PROVIDED RECORDS:
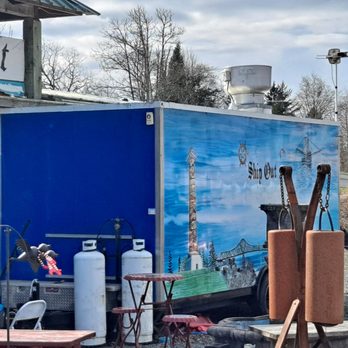 Ship Out - a blue trailer with a painting on it - Food Trucks Near Me - Astoria, Oregon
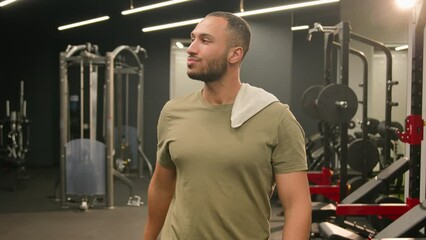 Happy satisfied Latino man athlete walk go to start workout exercise with towel on shoulder finish training fit sport guy fitness trainer instructor male bodybuilder sportsman in gym drinking water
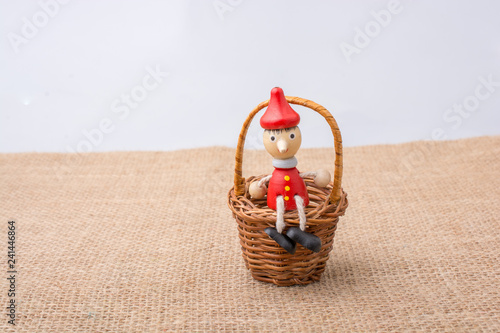 Wooden Pinocchio doll sitti...
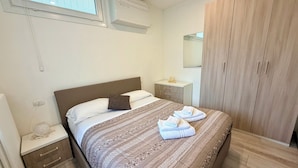 Ein ordentlich eingerichtetes Schlafzimmer mit Bett, Nachttisch, Schrank und einem Fenster mit Jalousien.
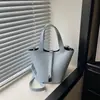 Bolso tipo cubo canasta de verduras de nicho bolso de mujer sensación de alta gama bolso de mano pequeño bolso cruzado de moda para el trabajo bolso texturizado bolso de mujer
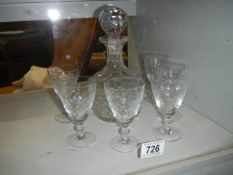 A cut glass decanter and six glasses.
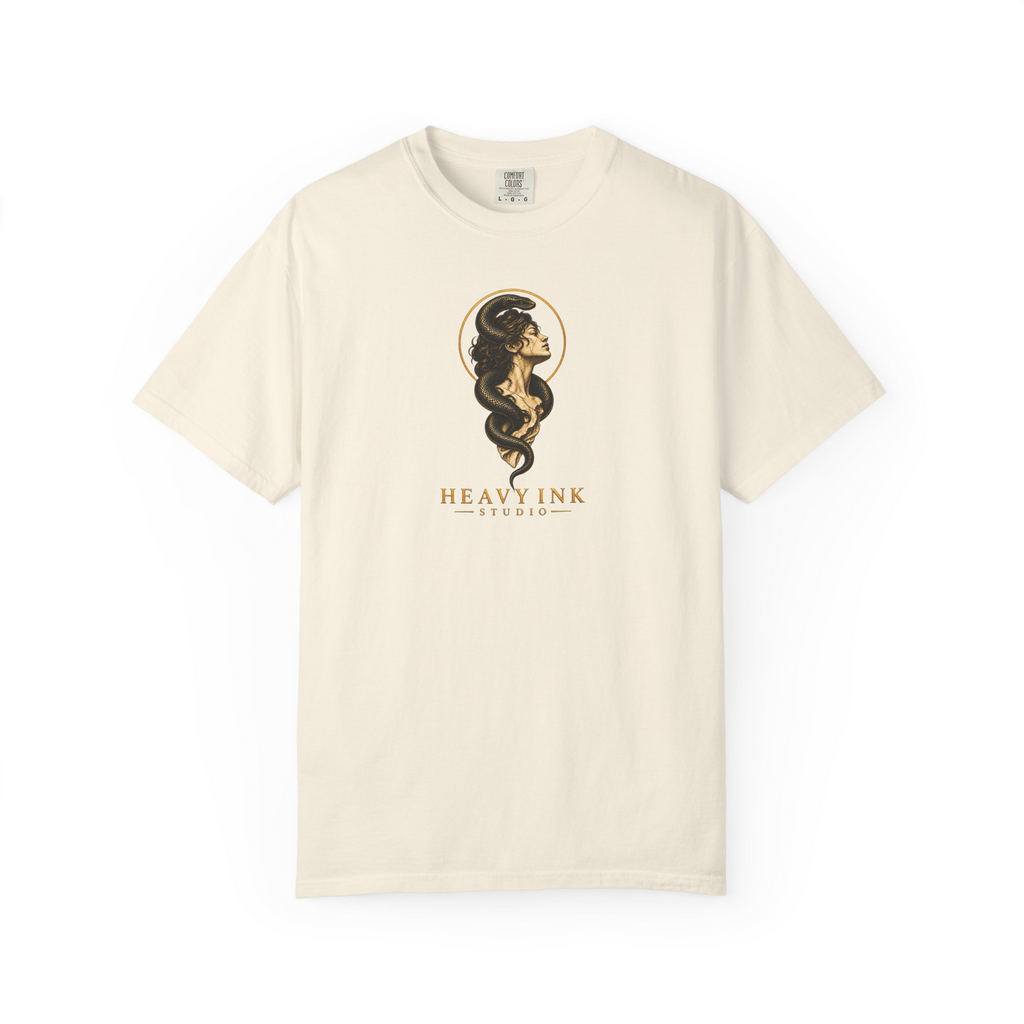 Gilded Serpent tee in Ivory, front view with a centered classical bust, black serpent, gold halo and Heavy Ink Studio wordmark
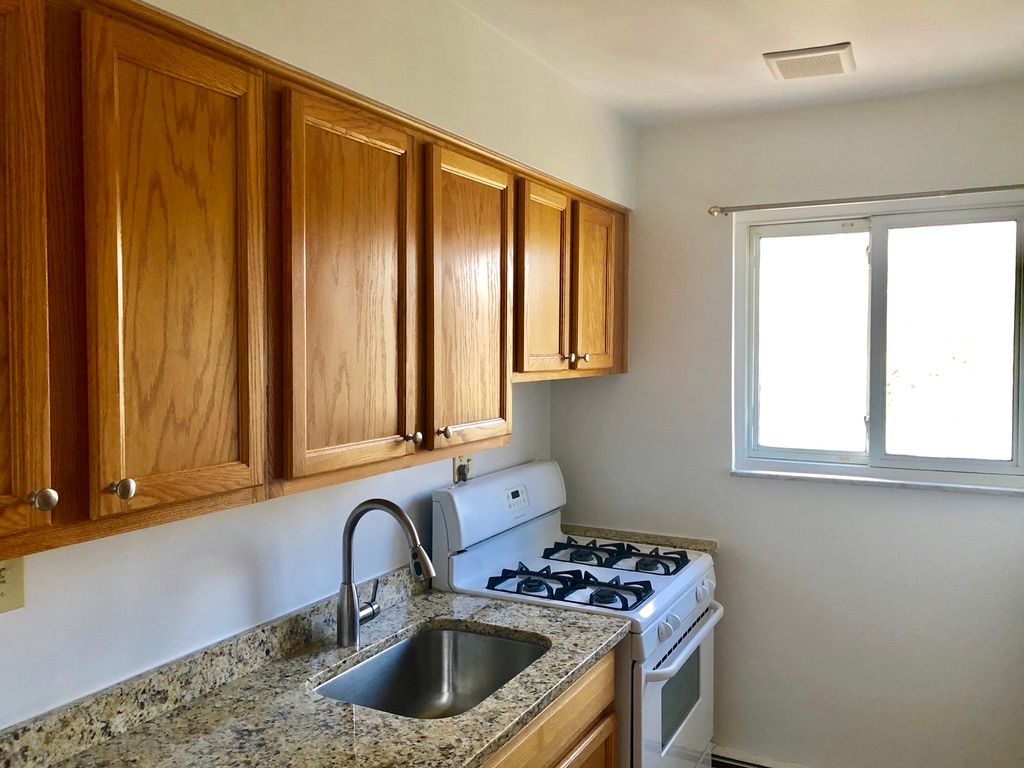A kitchen with wooden cabinets , a stove , a sink and a window.
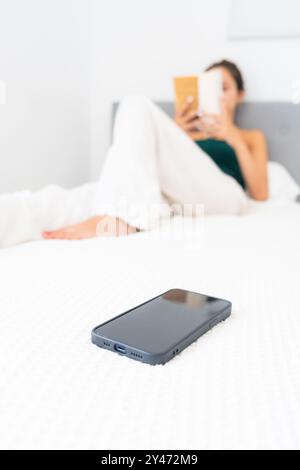 un adolescente che legge un libro con un telefono cellulare in primo piano si rilassa sul letto e si veste in modo informale. persone vere con luce naturale. Istruzione, re Foto Stock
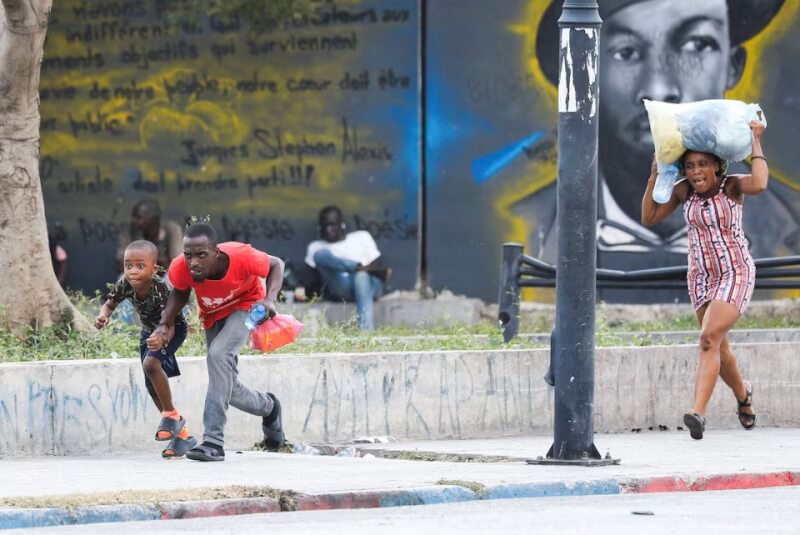 在路上遭遇槍戰的海地民眾正尋找掩護。（路透社）
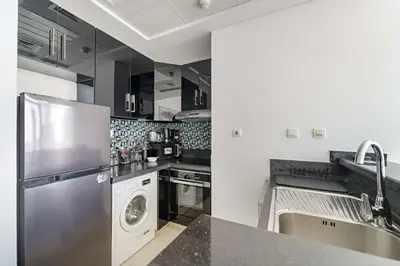 a kitchen with a stainless steel refrigerator and a dishwasher at Silkhaus Comfy 1BR in Botanica Tower near Dubai Marina in Dubai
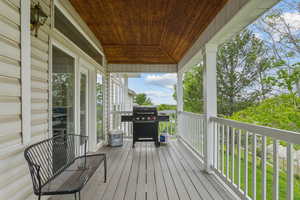 Wooden terrace with a grill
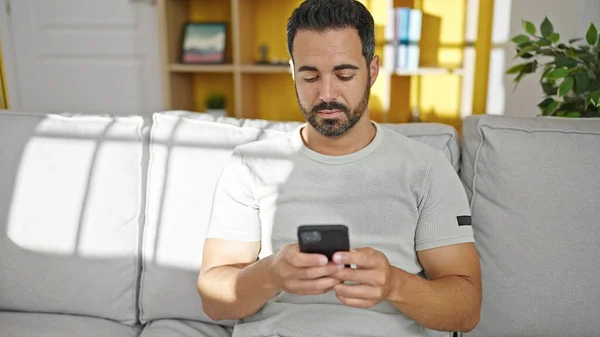 Mladý Hispánec Používá Smartphone Vážným Výrazem Doma — Stock fotografie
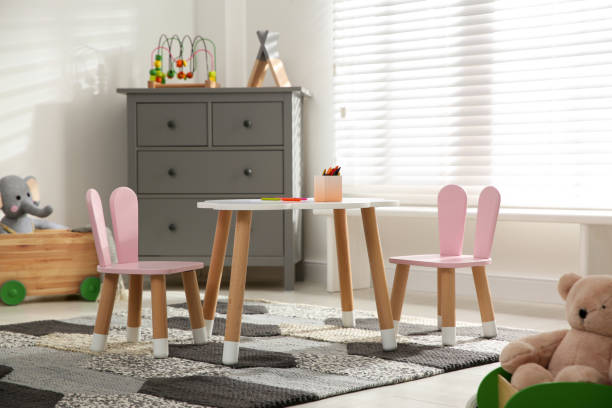 istock Little table and chairs with bunny ears in children's room. Interior design 1345284833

EXERCISE REQUIREMENTS: Starting at the first line of the listing above, write out each line exactly and nothing else until you reach the line containing "Ein ordentlich eingerichtetes", which is included as well; omit all pictures.

OUTPUT OF THE TASK:
 Ship Out - a blue trailer with a painting on it - Food Trucks Near Me - Astoria, Oregon
 Happy satisfied Latino man athlete walk go to start workout exercise with towel on shoulder finish training fit sport guy fitness trainer instructor male bodybuilder sportsman in gym drinking water
 Wooden Pinocchio doll sitti...
 Ein ordentlich eingerichtetes Schlafzimmer mit Bett, Nachttisch, Schrank und einem Fenster mit Jalousien.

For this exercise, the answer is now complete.